Apesar de ser um recém-chegado à F1, Senna já havia atraído uma atenção considerável no paddock, graças às suas impressionantes atuações nas categorias juniores, em particular na Fórmula 3 Britânica, o que levou várias equipas a disputar o seu talento.
O segundo lugar na Brabham parecia ser o destino mais provável, mas acabou por ser ocupado pelos irmãos (em regime de alternância) Corrado e Teo Fabi, em grande parte devido à preferência do patrocinador Parmalat por um piloto italiano.

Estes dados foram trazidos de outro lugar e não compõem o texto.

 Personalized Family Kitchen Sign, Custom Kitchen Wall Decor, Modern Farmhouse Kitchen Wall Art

Bernie Ecclestone afirmou que Nelson Piquet, então a estrela reinante da F1 no Brasil, teve um papel no bloqueio da chegada de Senna, alegadamente opondo-se ao seu compatriota. No entanto, a equipa de Senna apresentou uma perspetiva mais subtil, indicando que Piquet simplesmente não defendeu ativamente a sua mudança. Consequentemente, Ecclestone propôs uma solução interina para Senna com a ATS em 1984, com a intenção de o integrar na Brabham-BMW para o ano seguinte.
Apesar destas ofertas, Senna acabou por optar pela Toleman, confiante de que esta equipa lhe daria a plataforma necessária para iniciar a sua jornada na Fórmula 1 e demonstrar as suas capacidades ao seu próprio ritmo.

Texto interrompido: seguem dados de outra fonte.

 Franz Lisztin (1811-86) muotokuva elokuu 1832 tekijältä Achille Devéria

Esta confiança, embora não imediatamente aparente, provaria ser bem fundamentada. Na sua estreia, Senna qualificou-se em 17º lugar, uma posição modesta mas respeitável, dadas as limitações inerentes ao carro da Toleman. Dada a reputação da pista por ter um alto índice de abandonos, havia um vislumbre de esperança para um resultado inesperado.
No entanto, essa esperança rapidamente se desvaneceu. Após apenas oito voltas, o turbocompressor do seu motor Hart falhou, forçando Senna a ser o primeiro abandono da nova temporada.

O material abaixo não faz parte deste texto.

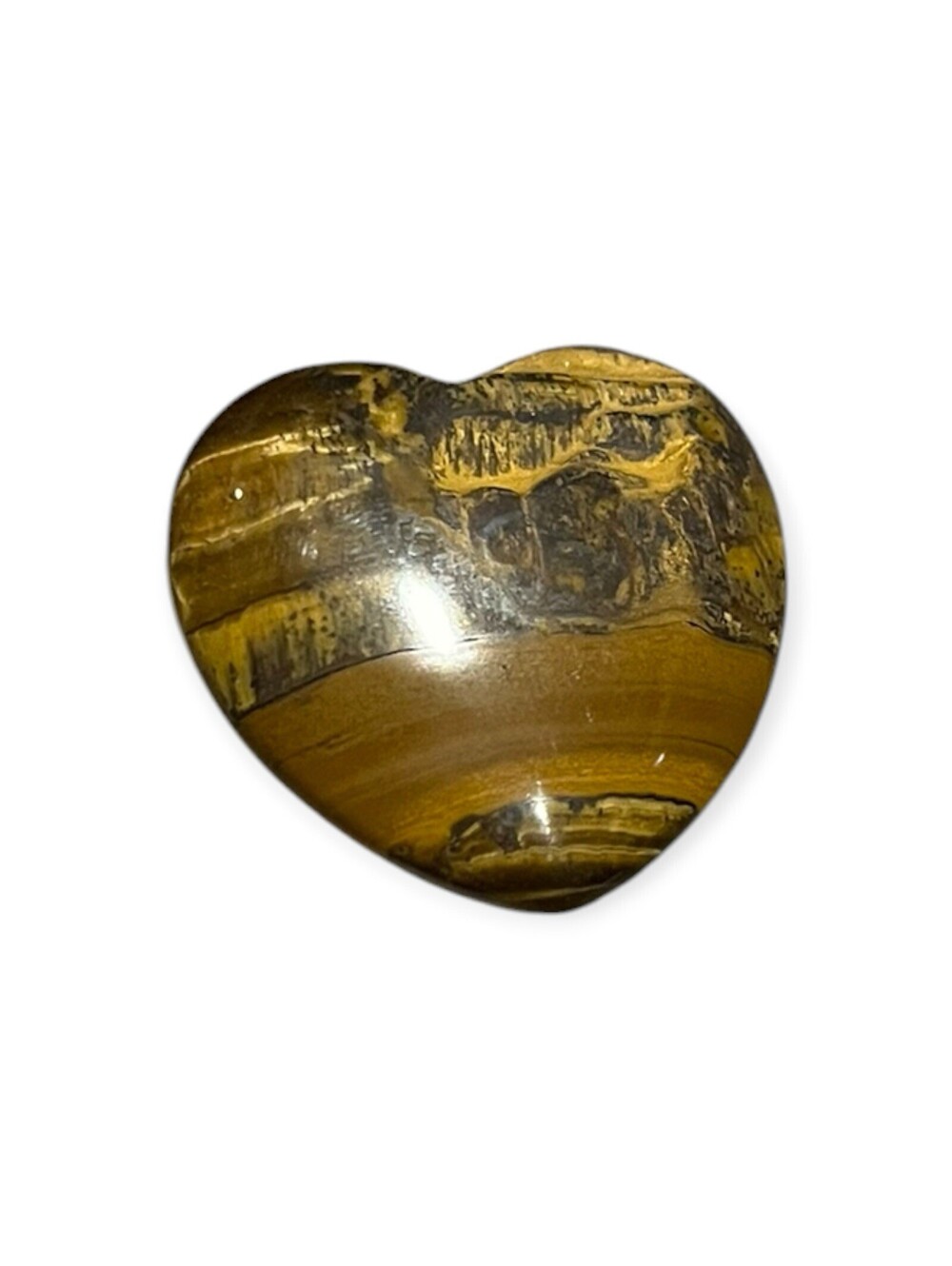 Tiger's Eye Heart Shape Crystal Palm Stone, Polished Stone, Spiritual Gift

O Grande Prémio do Brasil foi finalmente vencido por Alain Prost, seguido por Keke Rosberg e Elio de Angelis. Foi uma corrida onde a estratégia e a fiabilidade foram primordiais, principalmente devido aos rigorosos limites de combustível e ao calor intenso do Rio. Para Senna, no entanto, estes fatores tornaram-se irrelevantes após a sua saída prematura, embora o seu nome tivesse, pela primeira vez, aparecido num grid de partida da Fórmula 1.
Embora a sua estreia não tenha rendido pontos, Senna demonstrou rapidamente o seu imenso potencial nas corridas seguintes. Na África do Sul e na Bélgica, ele conquistou os seus primeiros pontos no Campeonato Mundial com dois impressionantes sextos lugares, superando tanto desafios físicos quanto as limitações inerentes ao seu carro. Estas atuações foram claros indicadores de um piloto cujo talento superava em muito as capacidades da sua máquina.
O que permaneceu oculto naquele dia específico de 1984 tornar-se-ia brilhantemente claro apenas alguns meses depois. No Mónaco, sob um dilúvio de chuva, Senna fez uma corrida sensacional até ao segundo lugar, uma atuação que o estabeleceu inequivocamente como uma estrela em ascensão. A sua estreia no Rio, portanto, não foi um fim anticlimático, mas sim a génese essencial de uma carreira destinada a redefinir a Fórmula 1 para sempre.